This paper introduces a new way to train coding AIs (computer programs that write code) so they get better at solving tough problems without needing lots of new human-made practice questions. The method is called GASP, which stands for Guided Asymmetric Self-Play. The key idea is to guide the AI with real, very hard coding problems and build a step-by-step path (a curriculum) that helps it reach those hard problems over time.
What questions were the researchers asking?
They focused on two simple questions:
- If we point the training toward real hard problems (the “goalposts”), can the AI actually make progress on them during training?
- Does this guidance help the AI learn better overall, so it does better on standard coding tests?
How did they do it? (Methods in everyday language)
Think of a sports coach and a player:
- The “teacher” (coach) creates practice drills.
- The “student” (player) tries to solve them.
- Over time, the coach adjusts the difficulty to push the player’s skills forward.
Here’s how GASP turns that into an AI training method:
- Goalposts: First, they pick a set of real coding problems that are known to be very hard for the AI. These are the “goalposts” — the distant targets to reach.
- Lemma, then Lift (stepping stones): For each hard goalpost:
- The teacher makes an easier version of the problem called a “lemma.” It should keep the same general idea as the goalpost but be solvable with effort.

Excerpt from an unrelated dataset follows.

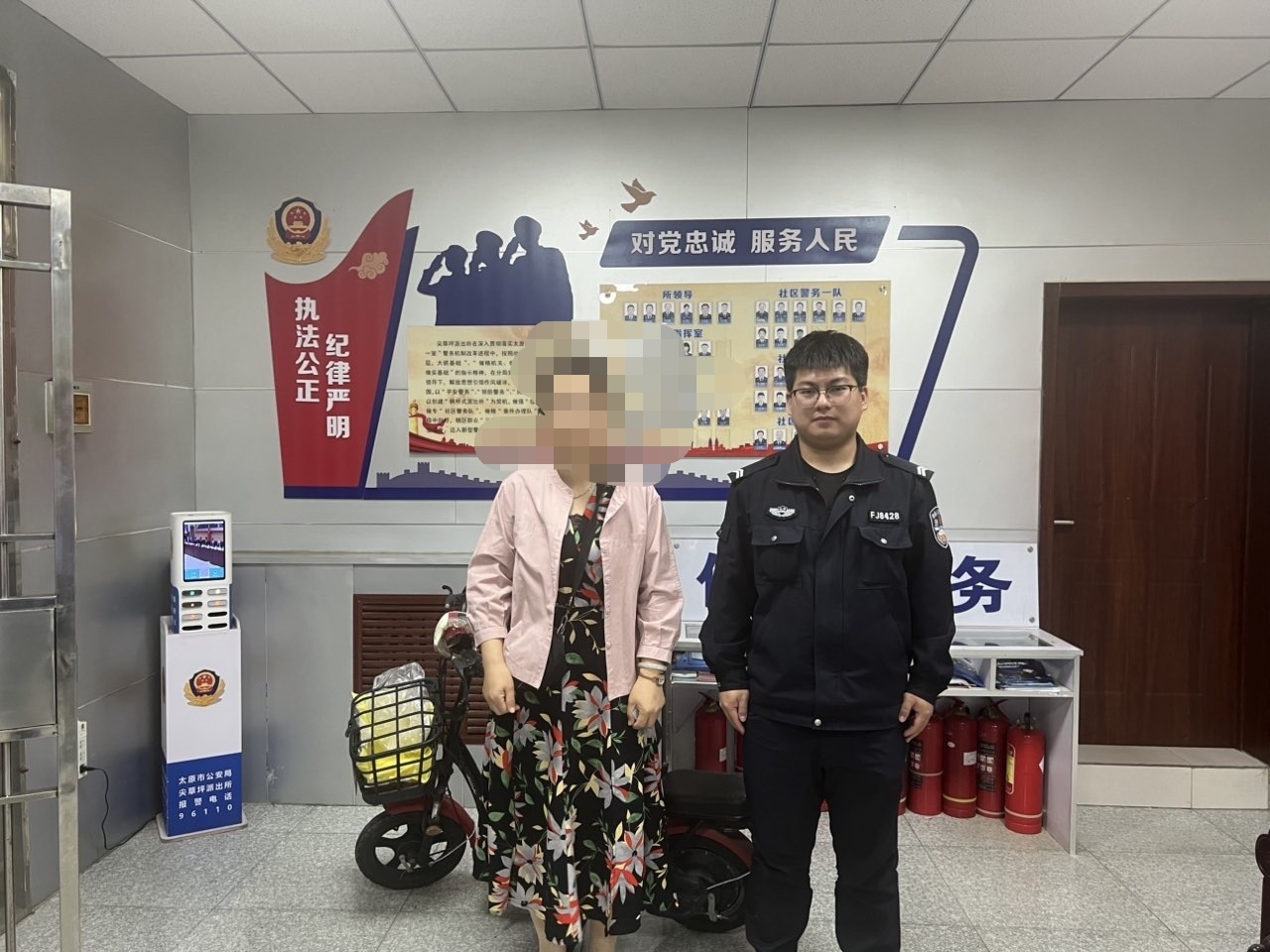 太原尖草坪区：群众误“丢”电动车，民辅警暖心帮找回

If it’s too easy or too hard, they discard it and try again.
- Next, starting from that lemma, the teacher makes a slightly harder version called a “lift.” This nudges the student closer to the original hard goalpost.

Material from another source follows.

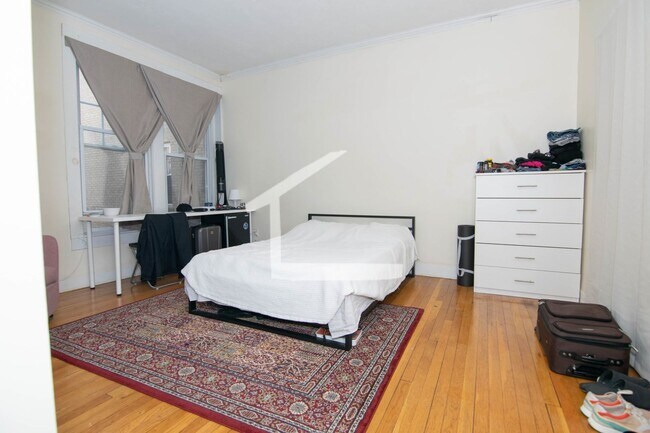 Building Photo - Perfect for BU Students - 5Bed/2 Bath in B...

- The student practices on these lemma and lift problems, gradually learning the skills needed to tackle the goalpost.
- Two ways to make problems harder:
- Change the examples to make the same rule trickier to figure out (like changing how input data is arranged). Think: same game, trickier positions.
- Make the underlying rule itself more complex (like adding extra logic). Think: same game, but with new rules.

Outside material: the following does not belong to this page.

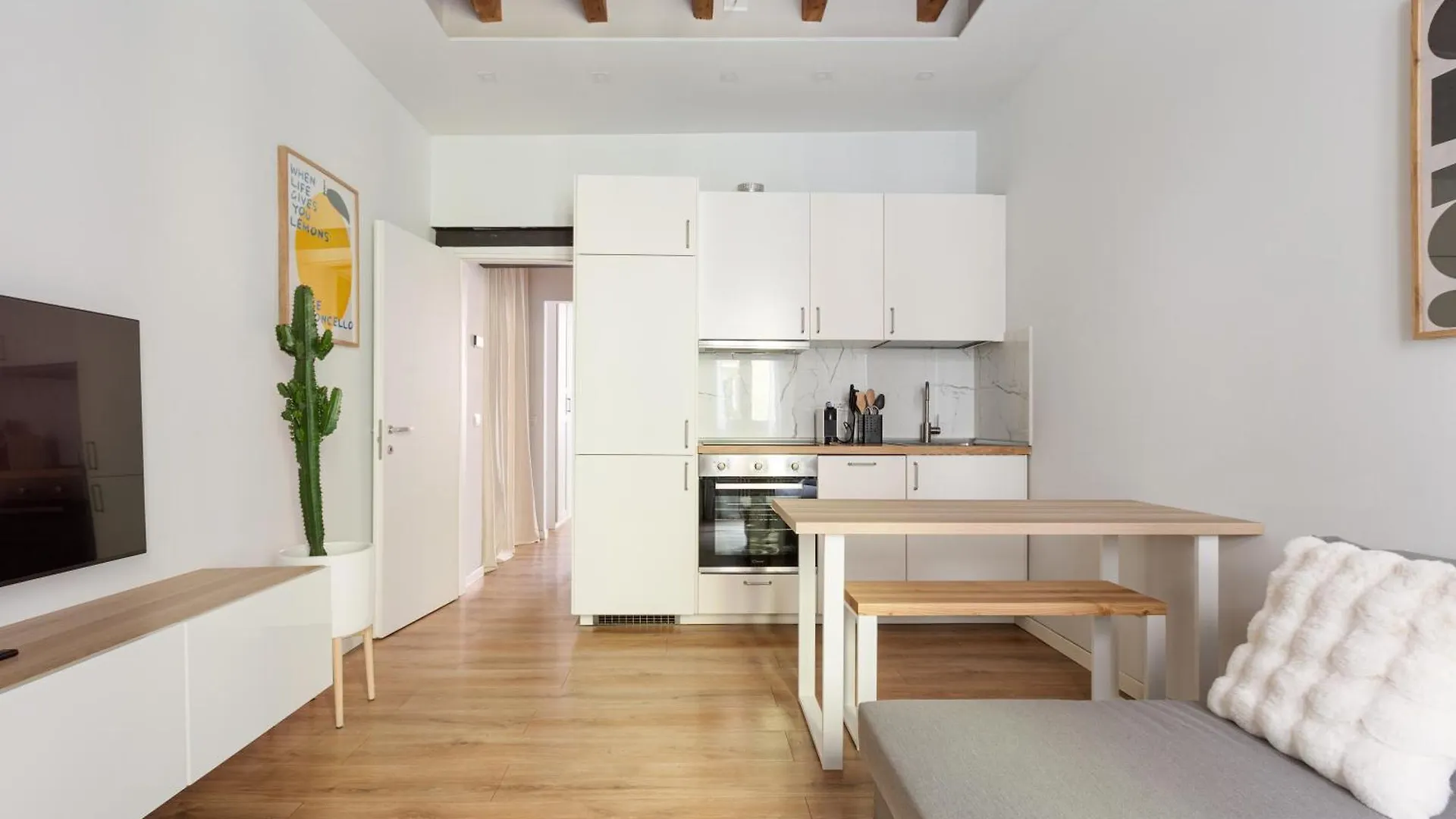 Bright Apartment -Pasteur M1 Milano 0*,  Italien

- Keep it challenging but learnable: The teacher aims for problems that are “not too easy and not too hard,” so the student gets useful feedback and improves steadily.
- Quality and variety checks: They automatically reject practice problems that are broken, unsafe, or almost duplicates of ones already seen. This avoids the AI getting stuck practicing the same thing over and over.
- Different puzzle styles: During practice, the student sometimes:
- Learns the rule from several input/output examples (induction).
- Runs a known rule on a new input (deduction).
- Finds an input that matches a desired output (abduction).
- This variety keeps training balanced.
- Optional extra: They also test a version that mixes in real, human-written coding problems during training, alongside the guided self-play data.
What did they find, and why does it matter?
On a modern coding benchmark called LiveCodeBench (LCB), the method did well:
- Better than unguided self-play: GASP beat a popular baseline (Absolute Zero, or AZR) that does self-play without guidance. On “pass@20” — roughly, “if the AI is allowed 20 tries, how often does at least one solution pass the tests?” — GASP improved by about 2.5 percentage points over unguided self-play. That’s a solid boost for this kind of benchmark.
- Competitive with training on real data: GASP, even without extra real-data training, was similar to a standard method that relies on real, human-written problems (RL with verifiable rewards).
- Even better together: When they combined GASP with real-data training, results improved further.
- Solving actually hard stuff: Importantly, GASP managed to solve some of the hard goalpost problems that none of the other methods could solve. That shows the step-by-step curriculum really helped the AI reach tougher challenges.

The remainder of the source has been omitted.